I was in Oklahoma City recently for a conference and we had free time one afternoon. Among the options for free time were the Myriad Botanical Gardens or the Oklahoma City National Memorial Museum. Honestly, I was inclined toward the botanical gardens. I didn’t really want to dwell on the bombing of the federal center 24 years ago (today – April 19 – is the anniversary). However, I was hosting an international friend at the conference and she wanted to go to the memorial, so I went along with her.
Though I was a reluctant visitor, I was impressed with the way the park-like block was laid out to provide space to think and process, and to honor the victims. The entrance archway said, “… May this memorial offer comfort, strength, peace, hope and serenity.”
The outdoor part of the memorial included archways, a reflecting pool, a grassy field with chairs representing each victim (small chairs for the children), and trees – evergreen, deciduous and flowering trees that were in bloom when I visited. The site certainly did offer a place for peace and serenity to contemplate the tragedy.
The indoor, museum part of the memorial incorporated creative storytelling elements to show the scale and human tragedy of the bombing. I appreciated the way the exhibits revealed more aspects of the story and honored the victims. It is truly a well-curated memorial.
However, after going through the inside and understanding more of the facts and trauma of that day, I was refreshed by returning to the outdoor space. I appreciated the breathing space it offered, in contrast to the difficult story inside. I stood under the “survivor tree,” an old American elm which was next to the federal building and was damaged in the blast but survived. I searched the branches for fresh leaves unfurling and awakening in the warmth of spring.
As I walked away from the memorial, I appreciated the intention of the space.
We need reflective spaces – physical places that offer respite from the challenges of life. These reflective spaces can be memorials, gardens, forests, front porches, kitchen tables, and more.
We also need reflective spaces in our souls – where we can go deep to ask the essential and eternal questions of life to our Creator.
It is Holy Week. The time when Christians remember and reflect on the love, sacrifice, death and life of Jesus.
And it’s been a rough week in my town, Denver. All the schools were closed on Wednesday due to a threat of gun violence. It’s been a week of coming face-to-face with the brokenness in the world.
Today is Good Friday, the most broken day, when we remember Jesus’ death on the cross.
Today is a good day to seek a reflective place – whether it’s in my own garden, or the open space of the park near my home, or in breaking bread around the dinner table with my husband or attending Good Friday service at church.
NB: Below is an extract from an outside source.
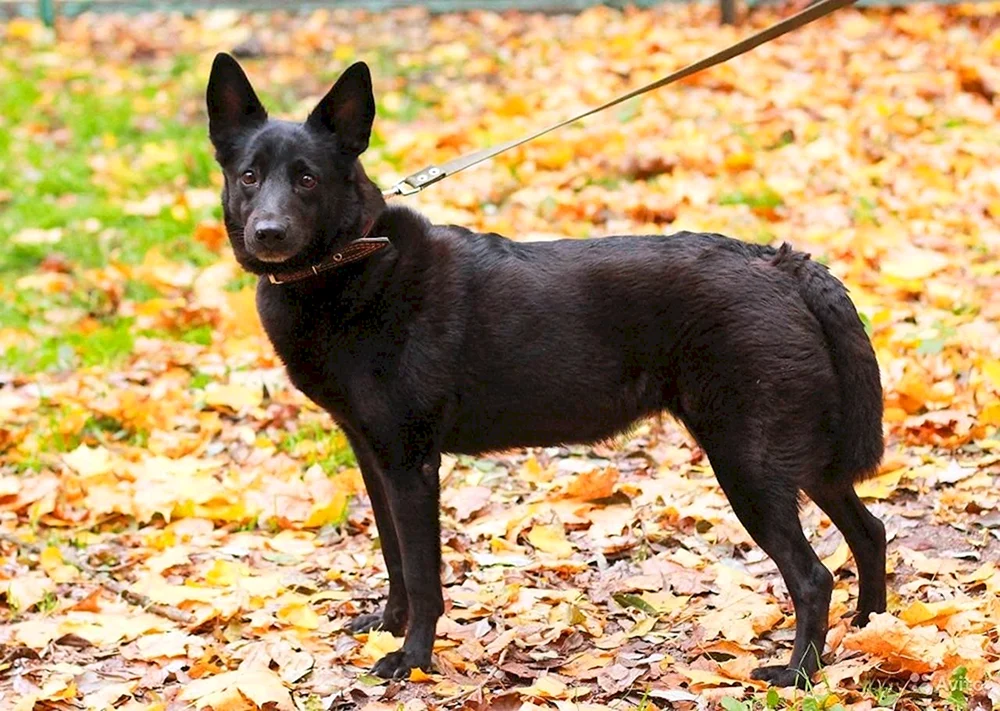Niederländischer Schäferhund schwarzes Glatthaar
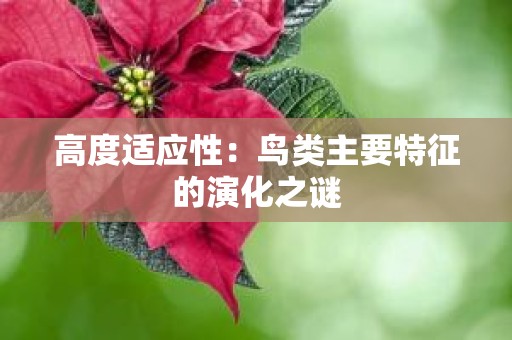 高度适应性：鸟类主要特征的演化之谜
A day to seek comfort, strength, peace, hope and serenity. And to keep seeking … because there is hope beyond the brokenness.
I had to stop for this one, even if it not about gardening. I happened to be in Oklahoma City at the end of 2012, and left just before the big 2013 New Year’s celebration at the (then) new Devon Tower right across the street from the Myriad Arboretum. That was my first trip away from the West Coast, and the longest time I had ever been away from California. (I had only got to Oregon and Washington for no more than two weeks at a time before that.) For me, the entire region was one of those special places that I needed to go to at the time. I did not intend it to be that way. I just worked out. Well, I could write an entire article about it. I intend to return, although it will never be the same as it was then.